Skip to content

CONCEPT Cited by 1 source

Embedded workflow engine

Definition

An embedded workflow engine is a durable-execution engine delivered as a library dependency that runs inside the host service's process, rather than as a separate cluster the host service calls over the network. Workflow state lives in the host service's existing database; execution happens on the host service's JVM (or equivalent runtime) on a dedicated thread pool. There is no orchestration cluster to deploy, no network round-trips per activity, and no Tier 0 critical dependency added to the host service's failure model.

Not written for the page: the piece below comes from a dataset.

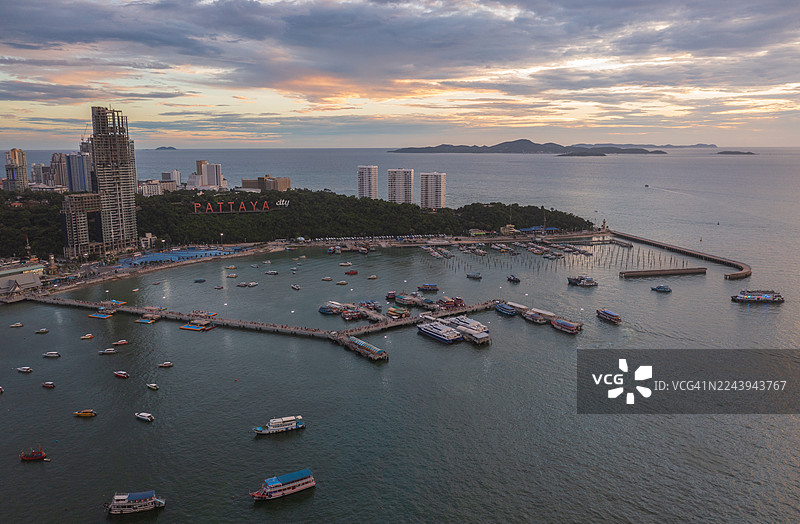 从高处俯瞰芭堤雅湾的全景。夏日夕阳下的泰国春武里府著名海滨城镇。图片素材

Skipper (Airbnb, 2026-04-28) is the canonical wiki instance. (Source: sources/2026-04-28-airbnb-skipper-building-airbnbs-embedded-workflow-engine.)

Structural properties

  • Library, not service. Added to the host service's build (Maven / Gradle artifact for JVM instances); no separate deployment artifact, no separate scaling tier.
  • Shares the host service's persistence. The workflow engine uses whichever database the host service already depends on (Skipper supports MySQL and Airbnb's internal UDS; at peak runs on DynamoDB). No new storage tier operational burden.
  • Shares the host service's lifecycle. Workflow execution starts + stops with the host service's process. Multi-host durability comes from the persistent scheduler + lease-period replay on any healthy host, not from dedicated worker pools.
  • Scoped to one service's JVM. Cross-language support and cross-service orchestration are explicit non-goals; those call for a separate Temporal-class cluster.

Why adopt this shape

Airbnb's explicit rationale (Source: sources/2026-04-28-airbnb-skipper-building-airbnbs-embedded-workflow-engine):

"External orchestration engines are the industry gold standard for durable workflow execution, providing exactly-once semantics and battle-tested reliability. However, they require dedicated infrastructure — a cluster of servers and a persistence layer, along with operational expertise — to maintain. For our highest-criticality, 'Tier 0' services (services which directly impact user-facing transactions), adding a new critical dependency was problematic. An orchestration cluster outage would mean every dependent service would lose the ability to start or advance workflows."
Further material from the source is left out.